Le ragazze più grandi andavano a lavorare nelle case della gente di Legnago. Io andavo a scuola e ricordavo che la mia maestra era Beniamina Lorenzi. Tutti avevano una gavetta numerata per ritirare il rancio; la mia aveva il numero 73 (Albina Maraner).

A Legnago ci hanno portati nel campo della Fiera. C’era una tettoia che serviva al mercato del bestiame e che serviva a noi profughi per dormitorio. Parecchi hanno montato le tende, le donne con i bambini sono state sistemate in un granaio. Andavamo a prendere il rancio con le gavette. Chi alloggiava nelle tende ha dovuto cercarsi casa altrove in seguito ad un forte temporale (Gisella Stoffella).

Siamo rimasti fino al 7-8 gennaio 1917, poi ci hanno mandati nell’ospizio di Celle Ligure.

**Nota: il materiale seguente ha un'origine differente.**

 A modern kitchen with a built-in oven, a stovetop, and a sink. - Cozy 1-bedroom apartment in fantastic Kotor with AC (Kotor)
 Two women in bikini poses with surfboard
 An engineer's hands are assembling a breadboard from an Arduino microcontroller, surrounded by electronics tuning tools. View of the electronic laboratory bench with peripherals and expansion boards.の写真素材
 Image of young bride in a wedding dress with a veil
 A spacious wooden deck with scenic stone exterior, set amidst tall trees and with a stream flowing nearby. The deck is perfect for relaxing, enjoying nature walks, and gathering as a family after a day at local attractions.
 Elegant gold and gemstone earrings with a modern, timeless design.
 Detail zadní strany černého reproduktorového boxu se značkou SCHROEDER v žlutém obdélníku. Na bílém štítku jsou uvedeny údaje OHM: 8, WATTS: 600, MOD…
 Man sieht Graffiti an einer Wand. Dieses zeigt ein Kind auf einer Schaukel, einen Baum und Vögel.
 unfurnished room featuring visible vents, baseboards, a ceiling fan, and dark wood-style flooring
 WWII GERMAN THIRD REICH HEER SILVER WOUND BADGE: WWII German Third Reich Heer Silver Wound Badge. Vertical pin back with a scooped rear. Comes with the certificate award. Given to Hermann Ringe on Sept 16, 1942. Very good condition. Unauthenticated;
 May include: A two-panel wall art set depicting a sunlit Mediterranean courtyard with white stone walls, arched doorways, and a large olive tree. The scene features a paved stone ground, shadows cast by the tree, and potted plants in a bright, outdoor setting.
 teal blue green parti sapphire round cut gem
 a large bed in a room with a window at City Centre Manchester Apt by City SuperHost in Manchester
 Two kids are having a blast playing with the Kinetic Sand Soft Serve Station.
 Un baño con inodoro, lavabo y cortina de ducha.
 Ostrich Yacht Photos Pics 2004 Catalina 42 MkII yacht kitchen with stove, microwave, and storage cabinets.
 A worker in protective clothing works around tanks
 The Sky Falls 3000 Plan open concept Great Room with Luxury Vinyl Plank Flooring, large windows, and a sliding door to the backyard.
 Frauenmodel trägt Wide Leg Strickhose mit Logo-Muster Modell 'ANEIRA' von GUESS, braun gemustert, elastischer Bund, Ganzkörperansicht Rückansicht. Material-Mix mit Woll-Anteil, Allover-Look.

Eravamo in molti di Obra, Piano e Camposilvano (iorentina Lorenzi).

In Liguria ben presto ci fu grande libertà di movimento un giorno dissero che se volevamo potevamo trovarci un alloggio fuori ed arrangiarci ci avrebbero aiutati con un sussidio. Fu un bene così dal momento che papà e mio fratello poterono lavorare e prendere paga e con in più il sussidio si tirava avanti bene (Fiorentina Lorenzi). Non mancarono le incomprensioni e le diffidenze un giorno un sottomarino tedesco affondò una nave che andava da Savona a Genova. Dissero che i profughi avevano riso e ci tolsero il sussidio per un mese. A scuola poi i ragazzi del posto ci chiamavano tedeschi ed erano continue liti. Nel complesso però siamo stati abbastanza bene. Abitavamo presso una famiglia al Pero e aiutavamo nei lavori dei campi (Giuseppe Gios).

C’era sempre il pensiero dei familiari che erano al fronte. In qualche caso qualcuno arrivò fortunatamente a ricongiungersi ai suoi. Dopo un anno è arrivato mio fratello prigioniero in Russia. Aveva fatto un lungo giro con il bastimento per evitare la guerra. Aveva dovuto firmare come volontario italiano per rimpatriare. Aveva sofferto molto, molto (Fiorentina Lorenzi).

Da Legnago ci hanno trasportati in vagoni merci a Celle Ligure, nella colonia. C’era la colonia dei Milanesi, quella dei Torinesi e quella dei Bergamaschi. Le chiamavano “gli Ospizi”. Anche qui si andava a prendere il rancio con la gavetta e si mangiava nei cameroni. Chi voleva uscire dagli Ospizi e cercarsi casa a Varazze o a Cogoleto poteva farlo e riceveva un sussidio. Molti si sono cercati lavoro presso fabbriche e presso famiglie private. I profughi erano assistiti dal medico condotto di Vallarsa dott. Martinelli e don Fiorello e don Tommaso. All’interno degli Ospizi c’era la scuola. Insegnavano maestri di Vallarsa. Quelli che erano fuori frequentavano le scuole pubbliche del luogo (Oliva Martini).

Flagello di quel tempo è stata la “spagnola” che ha fatto strage di famiglie intere. Alcuni anziani bisognosi di cure particolari, sono stati mandati dal medico a Imola (Oliva Martini).

A Legnago prima eravamo sotto le tende poi nelle baracche dei cavalli. Andavo a scuola da un maestro. Ci davano il rancio. Morirono tanti bambini e vecchi. Dopo alcuni mesi ci trasferirono a Celle Ligure e ci misero in un ospizio, c’era il dott. Martinelli che curava la gente. Non avevo né papà né mamma e facevo la fame; il papà era in Piemonte internato. Poi con un’altra famiglia abbiamo preso una casetta a Cogoleto. Allora venne anche mio padre e cominciò a lavorare in una fabbrica. Io con mia sorella più vecchia cominciammo a lavorare come infermiere nel manicomio perché era scoppiato il tifo e molte infermiere si erano ammalate, allora prendevano le avventizie. Io avevo 16 anni ma poiché ero molto grande dissi sempre che ne avevo 18. Man mano che le infermiere ritornarono in servizio noi restammo senza lavoro. Ma poi andai a lavorare a Quarto dove rimasi fino al 1924 quando tornai in Vallarsa per sposarmi (Maria Arlanch).